**EXERCISE AIM**
When you copy the records, keep every word exact and leave the pictures out.

Source data
+===+

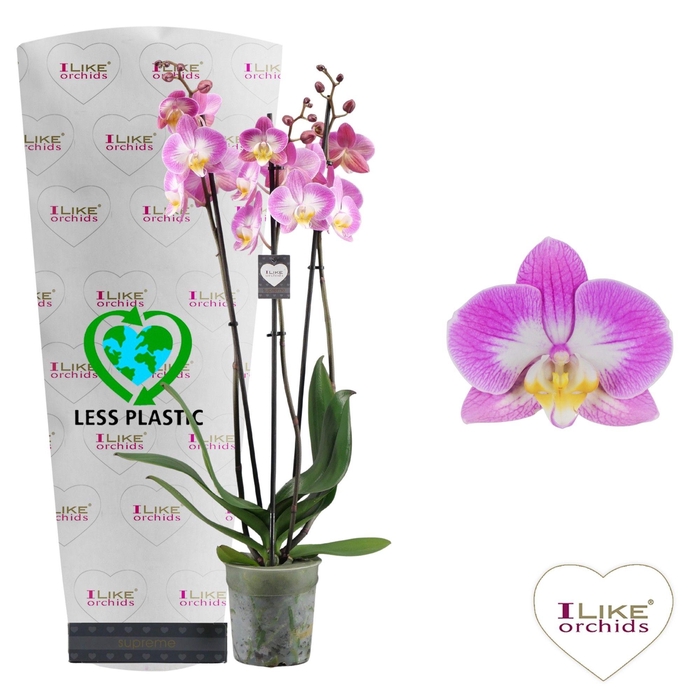 <h4>Phalaenopsis Split- 3 tak 60cm (Less Plastic)</h4>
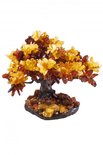 Amber tree SUV000415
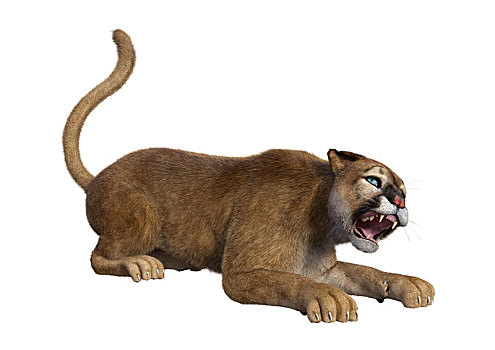 大型猫科动物,美洲狮,白色背景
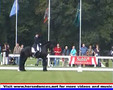 Friesian Horses in Action Tsjabring 429 Kootwijk2006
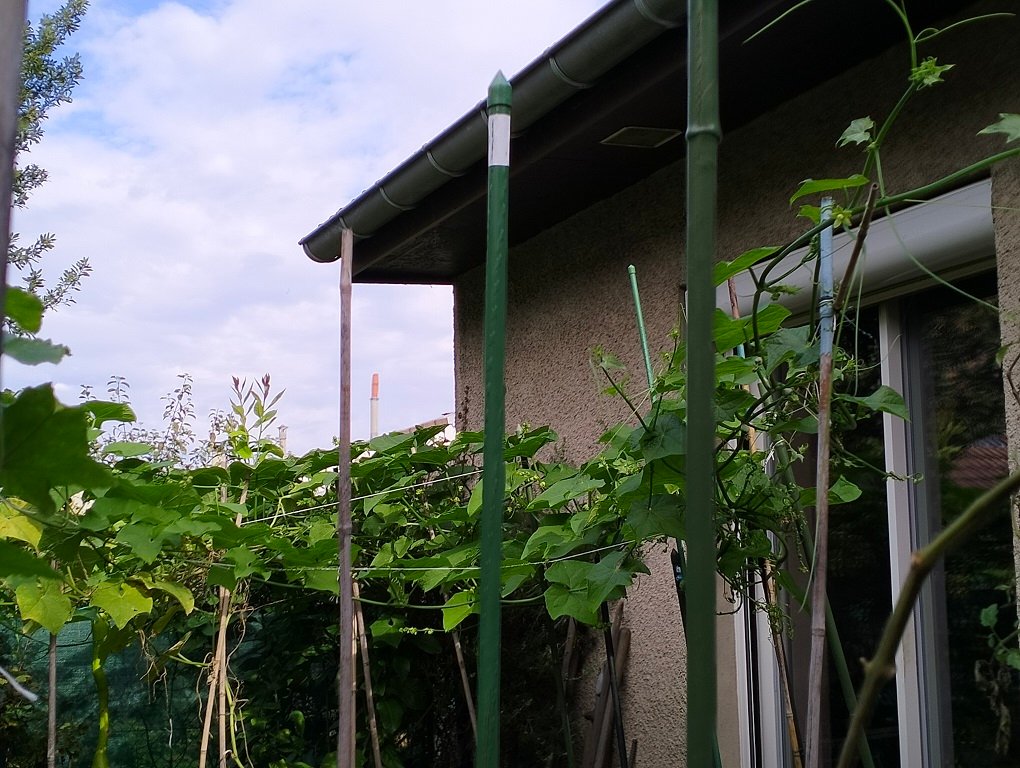 IMG20241024115259.jpg
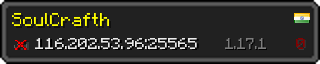 Userbar 320x64 in Minecraft-Stil für den Server 116.202.53.96:25565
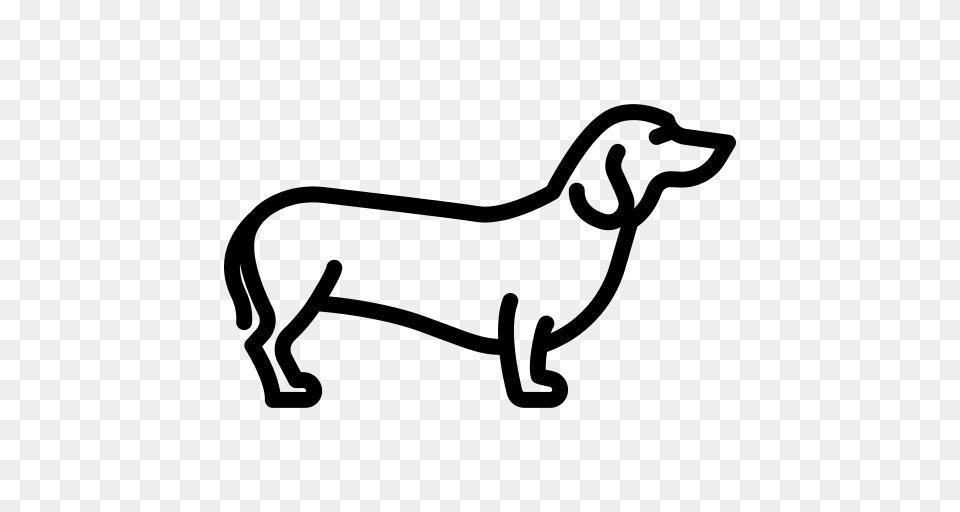 Dachshund, Gray Free Transparent Png
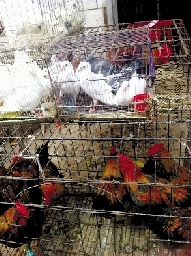 銷量大不如前，近期可能漲價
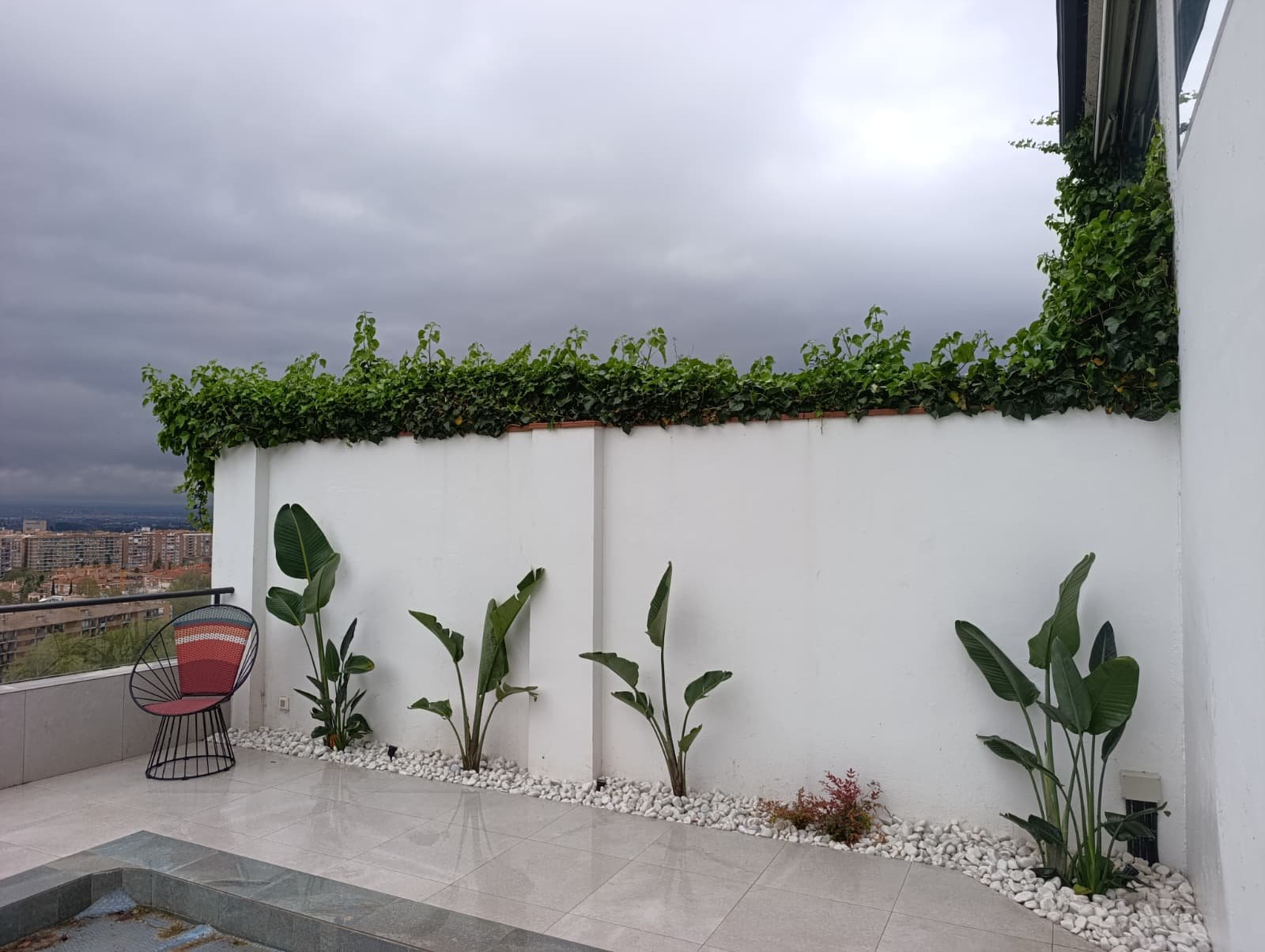Contacto Libélula Jardinería Granada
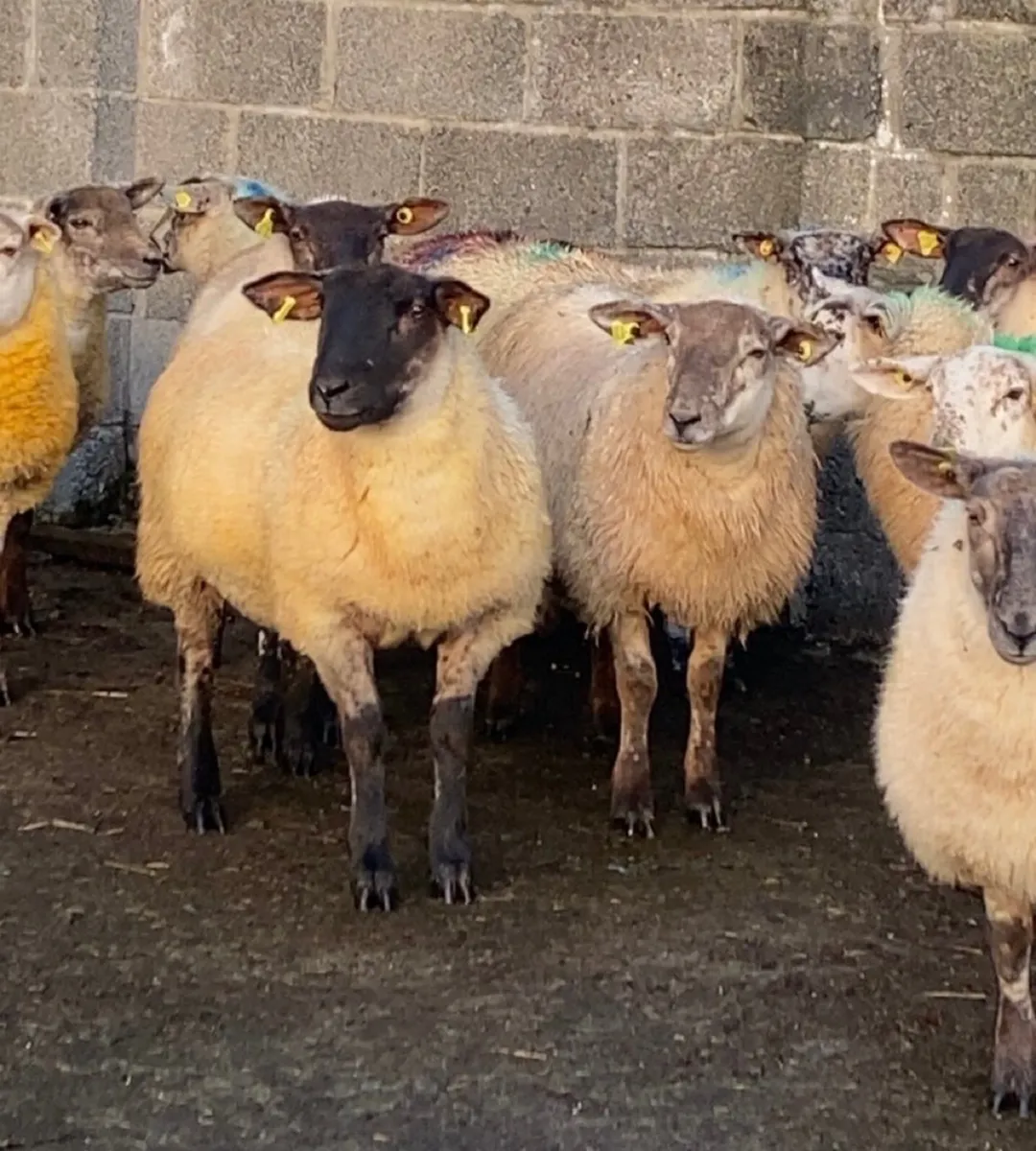 🔥 suftex ewe lambs 🔥 - Image 4
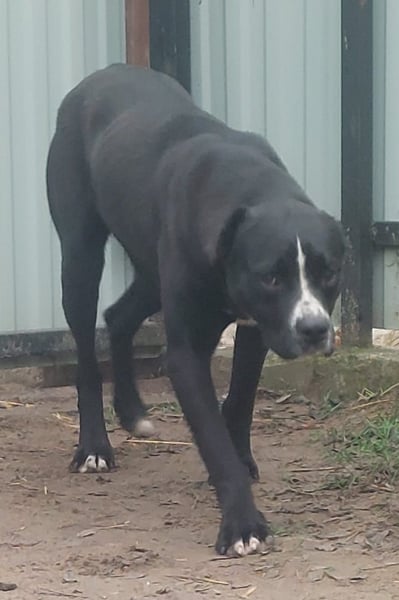 Graf Poldi wartet auf sein Happy End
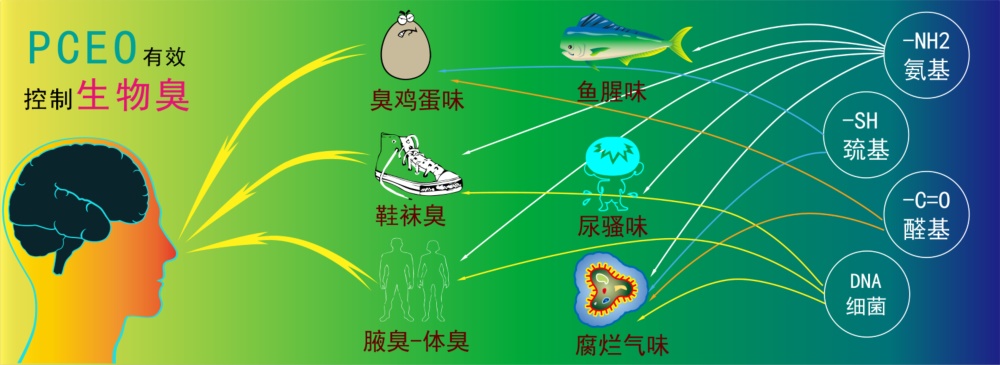 圖片2.jpg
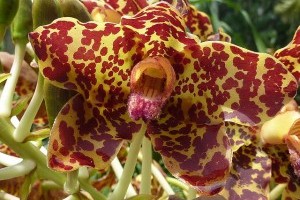 Melyik a világ legnagyobb és leghosszabb orchideája?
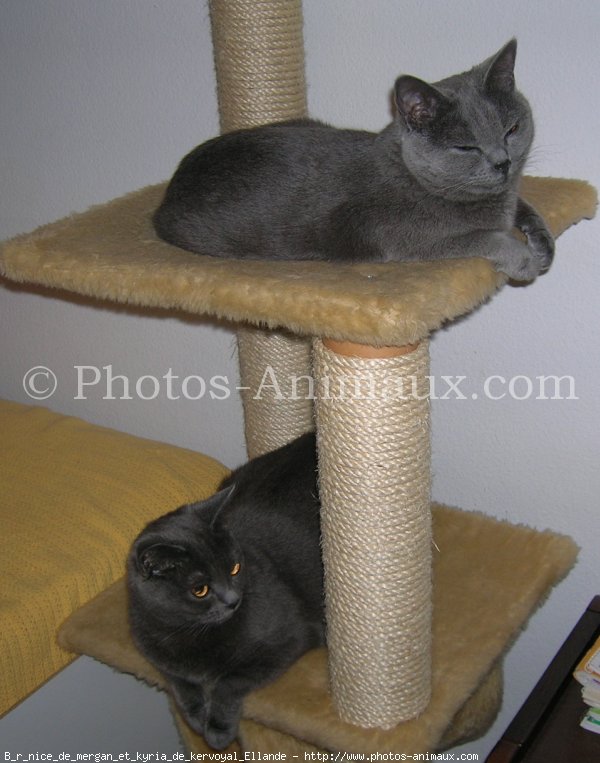 Photo de Chartreux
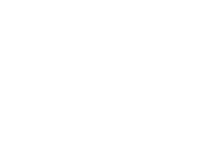 Vertus Solis Logo 2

+===+

**SOLVED PROBLEM**
 <h4>Phalaenopsis Split- 3 tak 60cm (Less Plastic)</h4>
 Amber tree SUV000415
 大型猫科动物,美洲狮,白色背景
 Friesian Horses in Action Tsjabring 429 Kootwijk2006
 IMG20241024115259.jpg
 Userbar 320x64 in Minecraft-Stil für den Server 116.202.53.96:25565
 Dachshund, Gray Free Transparent Png
 銷量大不如前，近期可能漲價
Contacto Libélula Jardinería Granada
 🔥 suftex ewe lambs 🔥 - Image 4
 Graf Poldi wartet auf sein Happy End
 圖片2.jpg
 Melyik a világ legnagyobb és leghosszabb orchideája?
 Photo de Chartreux
 Vertus Solis Logo 2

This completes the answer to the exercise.